Only a believing person can understand where the sin of cremation lies. The sin is not in the fact of physical burning of the body, but in the false direction of the person’s will to rule over God’s property, which his body is. A person sins when he looks upon his life as if it belonged only to him. A rather vivid manifestation of this sinful egocentric consciousness is suicide. The instruction to have one’s body cremated is a sign of a similar Divine disobedience. This leads a person to rule over his earthly life and his earthly body. In suicide, a person rules over his earthly body, ignoring the will of God.
Because of this, true Christians — as well as Jews who are faithful to their ancient Biblica belief — do not burn their bodies; believing Christians bury their bodies, which communed with the Holy Mysteries, bodies which became a part of Christ’s Body, reverently and devoutly, as was the Savior’s Body.
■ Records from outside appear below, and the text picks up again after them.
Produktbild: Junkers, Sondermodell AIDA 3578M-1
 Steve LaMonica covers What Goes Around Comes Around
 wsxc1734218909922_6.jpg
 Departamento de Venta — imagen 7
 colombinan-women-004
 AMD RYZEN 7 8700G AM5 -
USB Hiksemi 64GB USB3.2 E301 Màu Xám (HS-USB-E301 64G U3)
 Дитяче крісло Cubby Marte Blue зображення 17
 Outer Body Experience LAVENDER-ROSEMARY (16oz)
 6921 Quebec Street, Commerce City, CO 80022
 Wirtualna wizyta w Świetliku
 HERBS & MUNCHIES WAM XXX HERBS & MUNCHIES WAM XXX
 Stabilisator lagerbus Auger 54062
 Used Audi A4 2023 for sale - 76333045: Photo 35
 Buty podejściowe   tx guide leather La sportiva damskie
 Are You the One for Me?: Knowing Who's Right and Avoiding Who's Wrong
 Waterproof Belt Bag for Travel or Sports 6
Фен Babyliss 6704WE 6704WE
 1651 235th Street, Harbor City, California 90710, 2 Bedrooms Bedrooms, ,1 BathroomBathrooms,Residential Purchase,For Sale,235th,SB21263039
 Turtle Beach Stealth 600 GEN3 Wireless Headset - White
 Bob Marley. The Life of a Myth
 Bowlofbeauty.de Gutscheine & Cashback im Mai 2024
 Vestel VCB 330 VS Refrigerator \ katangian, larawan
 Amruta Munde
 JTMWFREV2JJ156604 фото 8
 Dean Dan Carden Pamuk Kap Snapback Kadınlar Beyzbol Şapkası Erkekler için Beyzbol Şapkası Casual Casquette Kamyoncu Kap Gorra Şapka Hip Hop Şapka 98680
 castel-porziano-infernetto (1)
Of course, the painting and decorating of the dead body, as practiced in America, does not reflect the Christian faith and human dignity, either. People do this from a pusillanimous desire to shield themselves and others from the reality of death. Nevertheless, the vision of death is the same will of God as the vision of life! As the seed of the life to come, our body must reverently be placed in the ground. Moreover, the Churhc does this, proclaiming the Truth of the Resurrection.
Those who do not know God’s will, or are indifferent to it, or are consciously opposed to it, burn their bodies. Pagans in India do this, mistakenly believing in purification, which comes from the natural form of fire, ignorant of God’s Grace and in the unique human personality — and from this they believe in the cosmic cyclical migration of souls.
Symptomatic of this, the “League of Militant Godless” which was founded in Moscow shortly after the revolution, proclaimed as one of their basic aims in their cruel fight against God, the campaign for cremation of the dead. This alone shows how repulsive cremation is to the will of God.
It is necessary for believing people to rid their conscience from every theoretical and practical unbelief. It is necessary for a person living in the image of the world to come, to give his soul and body into God’s hands for all time. For the kingdom of God to come is not a painful, but a complete fulfillment of God’s Will.